吉野→(県道15他)喜蔵院→(林道吉野大峰線)
(以上#1-1)
→(林道洞川高原線)洞川→(県道21)川合
(以上#1-2)
→(国道309)行者還トンネル
(以上#1-3)
→(国道309)天ヶ瀬
(以上#1-4)
→(国道169)池原ダム→(国道425)坂本ダム
(以上#1-5)
→(国道425)尾鷲
(以上#1-6)
→(県道778・国道311)九鬼→(県道574)九鬼港
146km
どこかコンビニで何か目新しい物を食べながら、九鬼港の今日の宿へ到着予定を連絡するのと、明日の宿の串本「みさきロッジYH」へ確認の電話を入れたい。というわけで町中に1軒ぐらいあるだろうと思って、喧噪の国道42の反対側のサークルKを見送ったのが運の尽き、結局その後港方面経由→県道778では、コンビニに出会うことはなかった。
仕方無いので尾鷲の町中で各宿へ電話をこなして、県道778へ。
もう今日はのんびり行ける。尾鷲湾に沿って続く大曽根浦、行野浦の漁村で、とりあえず道ばたに見かけた自販機の脇で手持ちのパンをまとめて消費。
懸案の水も、大曽根浦の少し先の市営テニスコートで補給することができた。何もコンビニで全部済ませなくても、分割でやればいいだけなのだ。

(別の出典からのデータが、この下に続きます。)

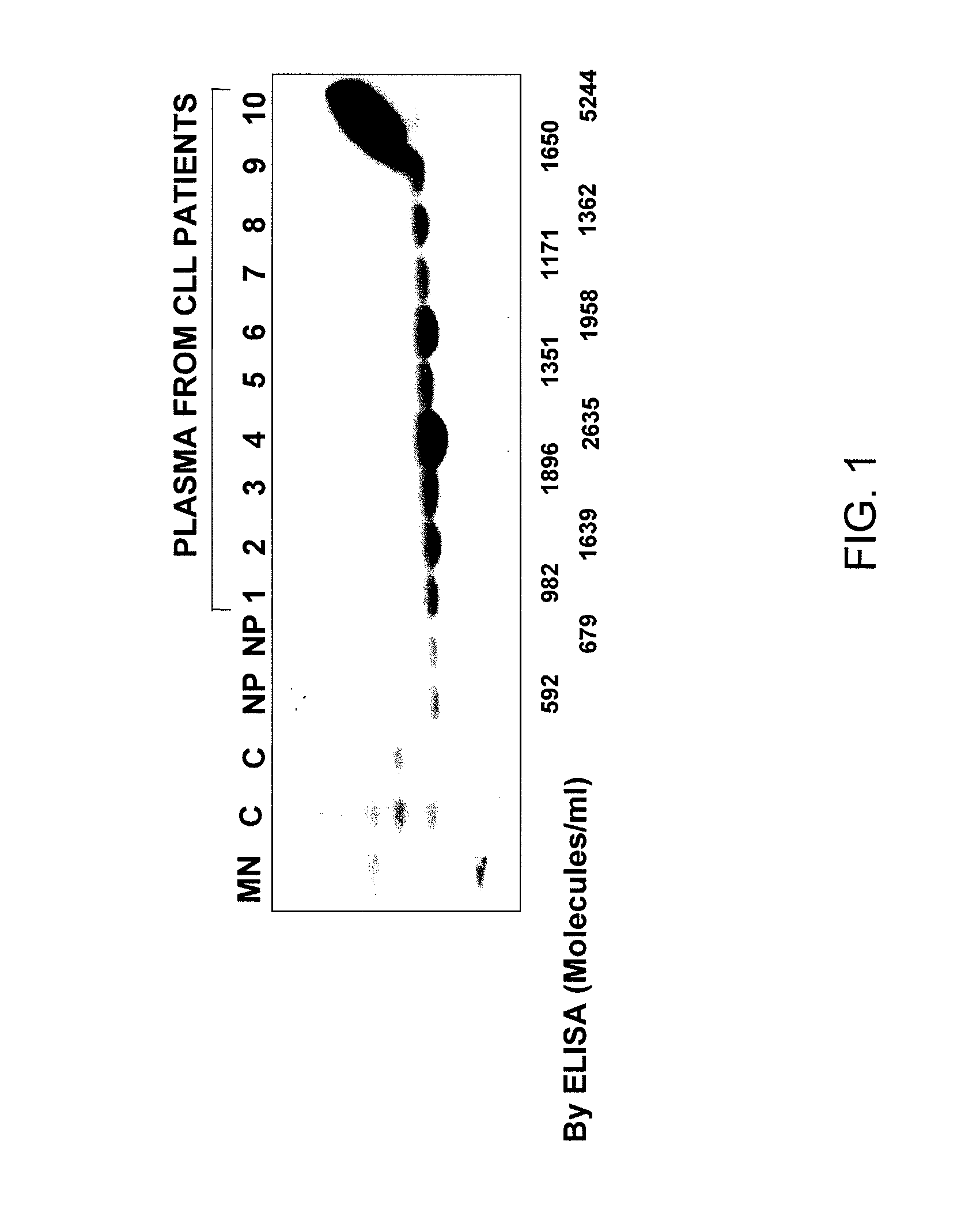 Measuring circulating therapeutic antibody, antigen and antigen/antibody complexes using ELISA assays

それにしても晴れた日の夕方の漁村は雰囲気がいい。何だか漁港も海面も静かで、夕方の赤い光の中で軒の低い町並みを子供達が遊んでいたりおばさんが歩いていたりして、景色に親しみやすい表情、生活感が感じられるのだ。
緑の山も近くや遠くで次第に青い影に埋もれつつあった。
大曽根浦からは海岸から立ち上がる岸壁上の、ジャングルみたいな森の中へぐいぐい登り始める。ここも取付だけめちゃくちゃな激坂だが、すぐに斜度は安定する。

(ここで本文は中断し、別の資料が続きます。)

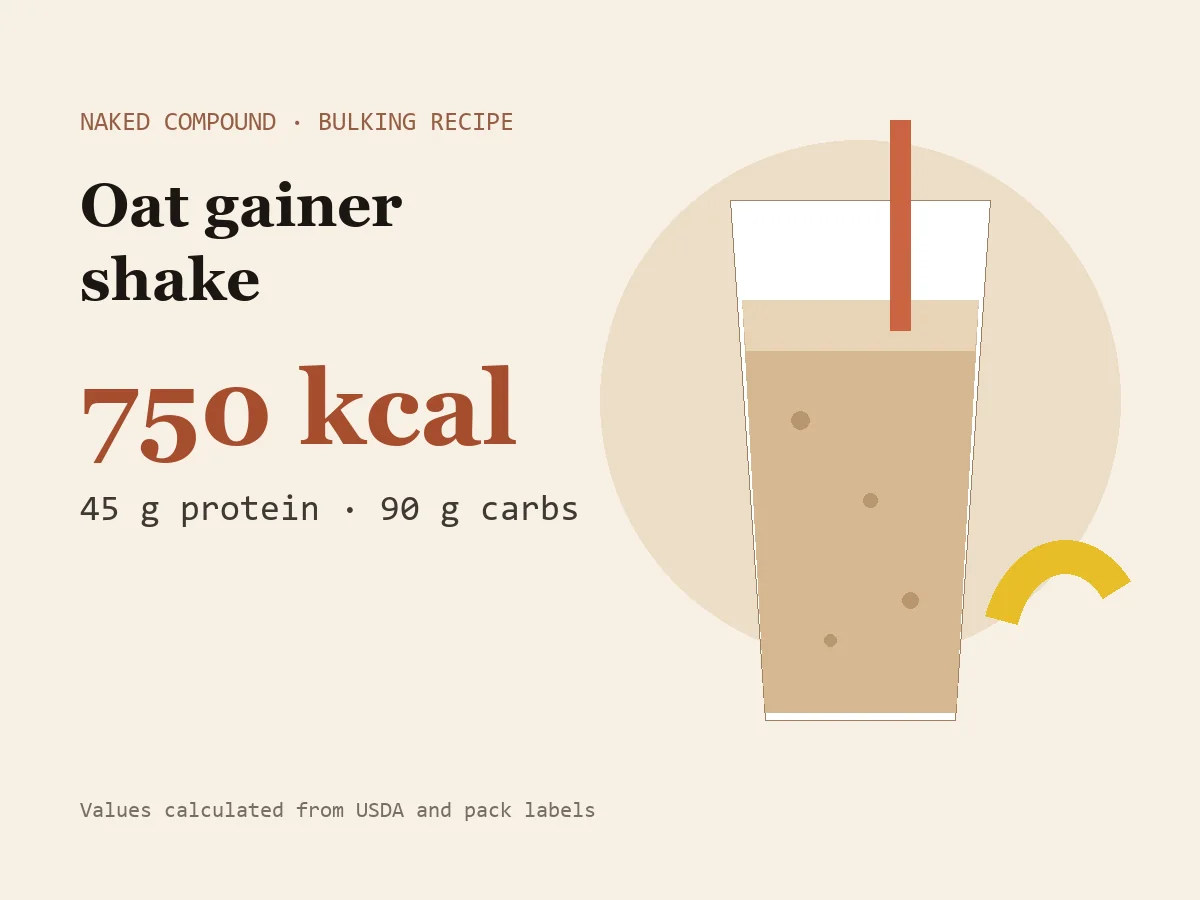 Illustration of an oat gainer shake: 750 kcal, 45 g protein, 90 g carbs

杉主体で時々明るい広葉樹の新緑が現れるのは普通の森だが、その広葉樹はどことなく葉が小さく丸く、木の姿が全体的に小振りで細かくて、「南の海岸」を感じさせる。
それと、岩肌にシダが群生しているのが、また何ともトロピカルだ。
時々木々が切れて景色が開けると、太平洋が夕方の空の中に拡がった。
西側に山を背負うこの道、日没時刻はまだだが辺りはすっかり夕方の影の中である。目の前の夕日に照らされた海は明るく、それだけに広々と静かに感じられて、狭い密林の空間感覚とは対照的だ。

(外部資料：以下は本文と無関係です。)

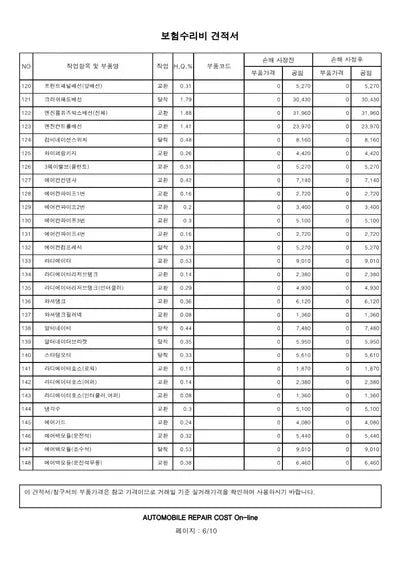 2020 Genesis G80 VIN:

標高300mを越える辺りから斜度は更に緩くなった。楽にすいすい走れはするが、そう自動的に速度が上がる感覚は無く、まだわずかに登りは続いているのだ。
と同時に、今日の坂道続きの行程で、自分の視覚がすっかり坂に麻痺してしまったことにも気づく。
山の中の分岐から道が突如下り始めるのは記憶通り。そのまま一気に高度を下げて、山中で国道311に合流、更に一気に下り続ける。
思えば尾鷲からの行程はかなり緩急のある登りだった。九鬼側からでなくて良かった、とつくづく思った。
九鬼港はイメージ通り、尾鷲沿岸の典型的な小漁港である。静かな湾に張り付いた家並みや湾内に並んだ漁船が、次第に薄暗く、青いシルエットの中に埋没し始めていた。
そんな景色をを眺めながら、どんなにゆっくりてれてれ流しても、どんなにしょっちゅう立ち止まっても、そして宿が九鬼港の一番奥だとは言え、もういかんせん終着点がすぐそこに見えている。
18:35、九鬼港「宮崎旅館」着。事前に余裕を見たつもりの行程で助かったが、凄い道ばかりの1日だった。